さくらちゃんと七海ちゃんを信じていないわけではないけど、自分のことばかりで嫌になる。きっといつか、罰が当たるのね。
「人もプルートも傷付かずに済む方法はないのかな」
「どうかな。チュチュは、イノセントジュエルの力は無限ではないって。一方を救えば、もう一方は……」
あれこれと話し合う二人の横でそっと笑顔を作りながら静観する。
バイデントたちが探しているイノセントジュエルは、全ての世界を救えるわけではない。どちらか一方しか救えない奇跡。そのどちらもを願えない時点で、きっと私にイノセントジュエルを使う資格はないんだろうな。
「……カロンたちだけじゃダメで、私たちだけでもダメ」
「さくらちゃん?」
「なら。協力、するしかないよね?」
真っ直ぐなさくらちゃんと七海ちゃんが眩しい。
二人にも好きな人がいる。二人はその人を守るために、街を守り、そして街を壊そうとする存在までも救いたいと願える優しさを持っている。
そんな二人が私の憧れで、そうなれない自分が恨めしい。
「ねぇチュチュ。隠しごとをするのって、辛いですよね」
さくらちゃんと七海ちゃんが今後の方針を話しているのを聞きながら、そっとチュチュに話しかける。
普段はプリズムパクトの中で眠っているチュチュがそっと現れて、ぐっと伸びをしてみせた。
何かを知っているようだけど、あまり話してくれないのは私たちに言えない事情があるからなのか。
「サァ? なんのこと? 私にはわからないワ」
とぼけるように首を傾げたチュチュはきっと何かを隠している。それについては私もだから、あんまり深くは聞けないんだけど。
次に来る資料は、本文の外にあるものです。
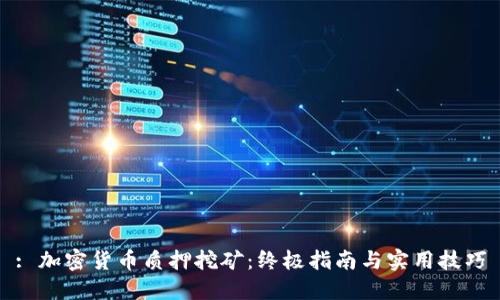 : 加密货币质押挖矿：终极指南与实用技巧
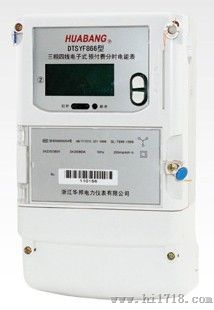 预付费分时电能表DSSYF866型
多分、誰かを傷付けるためのものではない、はず。でも結局は秘密にしているわけだし、隠しごとが嫌いな七海ちゃんにばれたら、私たちは二人とも怒られちゃうね。
「どうすれば、皆で幸せになれるんでしょうね」
「きっと大丈夫ヨ。私と、リホたちなら。きっと、ネ!」
なんて、耳障りの良い言葉を並べながら。
私たちは自分の心の中で、大切な人たちに順序を付けた。